Choreographer inspired by '31 film 'M'

Photo: Ryan Borque
Choreographer inspired by '31 film 'M':

It might not be readily apparent, but there's classic film noir inspiration behind the dance in choreographer Christy Funsch's latest solo piece, "Moving Still(s)," which has its San Francisco premiere this weekend at CounterPulse on a program of works new and old by both Funsch and Portland choreographer Katherine Longstreth.

"Moving Still(s)" grew out of a month's work that Funsch did last year in the Djerassi Resident Artists program in Woodside, taking as a departure point Fritz Lang's 1931 German film "M," a classic thriller that tells of a serial killer who kidnaps and murders young children. Funsch, however, was less intrigued by the lurid details of the film than in the director's craft and the characters.

"I was drawn to a lot of the decisions Lang made as a filmmaker," she says, "the use of space, the camera angles, the duration of the shots, all are part of his storytelling technique.
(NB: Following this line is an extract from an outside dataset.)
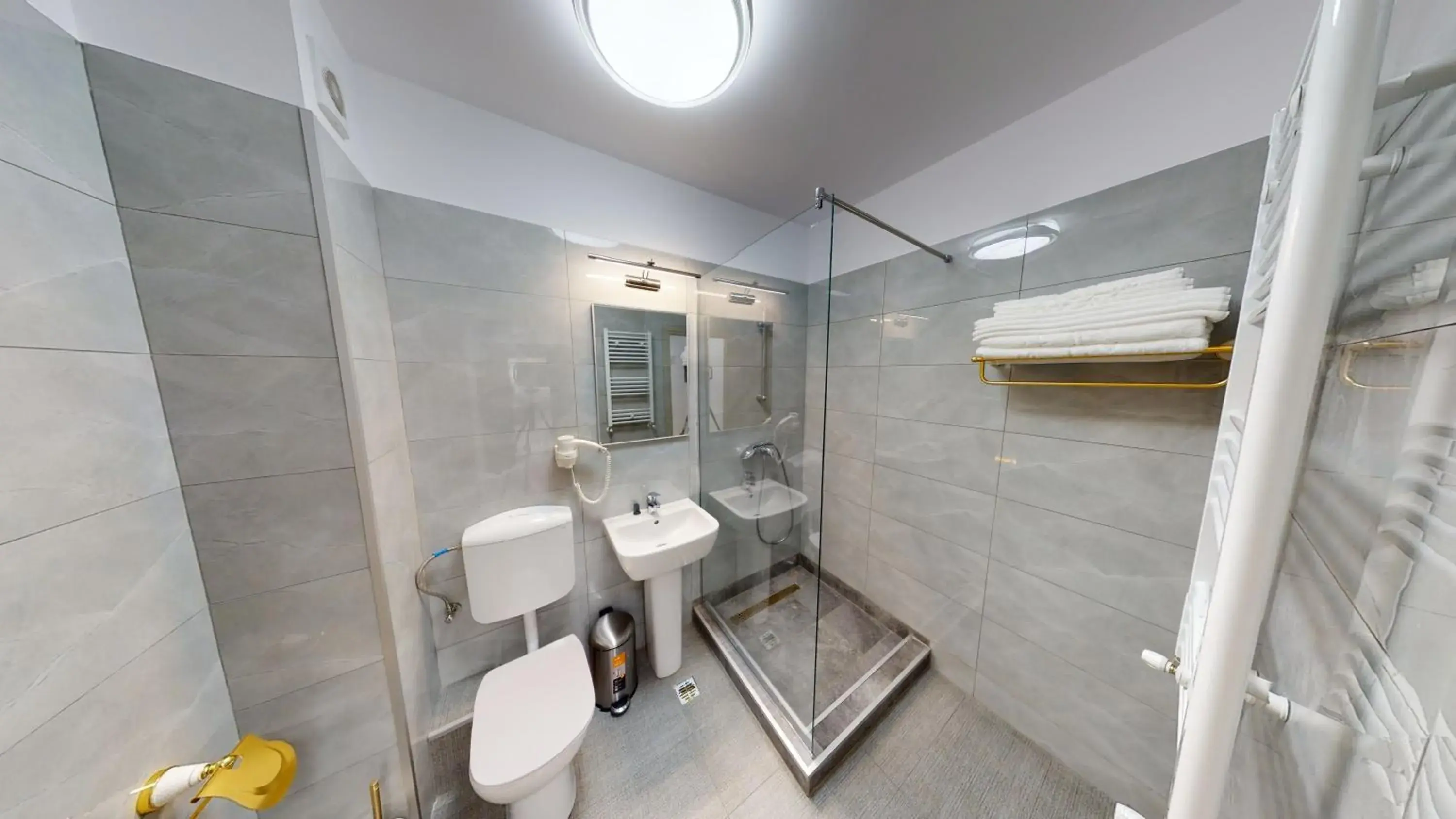 Bathroom in Le Blanc ApartHotel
Even the shots without characters really contribute to sense of story, so you'll see an empty courtyard with clothes drifting away, a ball, a balloon without owners."
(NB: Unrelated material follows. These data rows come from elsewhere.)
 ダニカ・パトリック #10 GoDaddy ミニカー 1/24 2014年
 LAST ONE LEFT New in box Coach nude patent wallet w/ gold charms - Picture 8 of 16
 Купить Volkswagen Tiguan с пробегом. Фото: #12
For this solo piece, which she premiered last April in New York, Funsch chose 15 characters from "M," as well as some from Jean Pierre-Melville's 1962 New Wave noir crime flick "Le Doulos," and distilled gestures specific to each.

"It's not a reinterpretation of film, but an experiment for me, a way of finding dynamic shifts, muscular tension, new ways of embodying gestures," she says. "The solo is not narrative, but it's not abstract glimpses of characters, either. You'll see that one is a child, another a woman, a lawyer, a policeman. So it's a moving pastiche of people, characters that emerge out of theatrical gesture."

More recently, Funsch's work has focused largely on solos - a retrospective at Z Space last year let audience members experience some of the many single-dancer pieces intimately and individually, one on one in private spaces, as well as in a traditional setting. Now she says, she's interested in getting back to group work. This weekend's program also will feature the premiere of a trio, "She's Near She's Now She's Nowhere," a collaboration with Tamara Albaitis, who created a sound installation of tiny speaker cones suspended on wires throughout the space.

"For a time I really looked at how the solo figure could be empowered," she says. "Now it's about looking at things as a whole - how we navigate the world and find meaning for ourselves as individuals in a collection. You can go away for a residency by yourself, but when you come back, you're part of something larger."